Votação pode mudar regulamento de motores ainda em 2026
quarta-feira, 18 de fevereiro de 2026 às 11:45
Dentro da câmara de combustão
A Fórmula 1 se aproxima de uma votação decisiva que pode alterar o regulamento técnico ainda nesta temporada.
Em jogo, está a forma como a categoria mede a taxa de compressão dos motores. Consequentemente, o impacto pode ser direto no equilíbrio de performance em 2026.
Durante o inverno europeu, veio à tona que a Mercedes High Performance Powertrains (HPP) desenvolveu uma unidade capaz de atingir taxa de compressão de 18:1 quando aquecida. Entretanto, o limite regulamentar permanece em 16:1.

A brecha técnica e o ganho potencial
Atualmente, o regulamento determina que a medição ocorra em temperatura ambiente. Dessa forma, o motor da Mercedes passa nos testes estáticos sem qualquer irregularidade.
No entanto, graças ao uso de metais que se expandem com o calor, a taxa pode subir para 18:1 em condições reais de pista. Assim, ainda que o motor cumpra a regra no papel, ele poderia operar acima do limite durante a corrida.

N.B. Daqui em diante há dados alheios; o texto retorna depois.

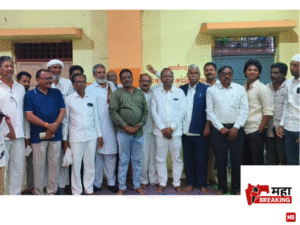 Borgaon Manju taluka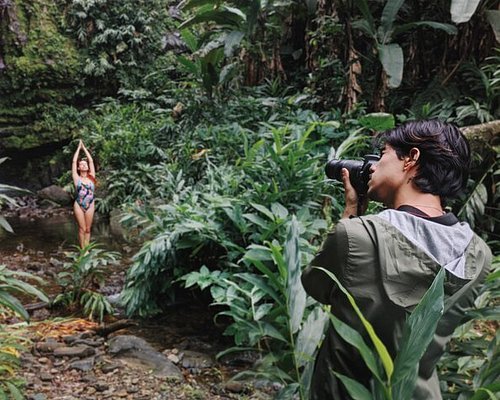 el yunque rainforest tour with transportation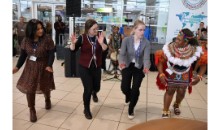 African extravaganza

Em termos práticos, estima-se um ganho de aproximadamente 0.3s por volta no circuito de Albert Park, sede do GP da Austrália.
Portanto, a discussão não é apenas regulatória. Pelo contrário, trata-se de uma possível vantagem competitiva concreta.
Reunião no Bahrain define próximos passos
Na quarta-feira, durante o segundo teste de pré-temporada no Bahrain, o Comitê Consultivo da Unidade de Potência (PUAC) se reuniu para tratar especificamente do tema. Nesse contexto, os principais fabricantes expuseram suas posições.
O comitê reúne representantes da Mercedes HPP, Red Bull Powertrains, Ferrari, Audi e Honda. Além deles, participam a FIA e a Formula One Management (FOM).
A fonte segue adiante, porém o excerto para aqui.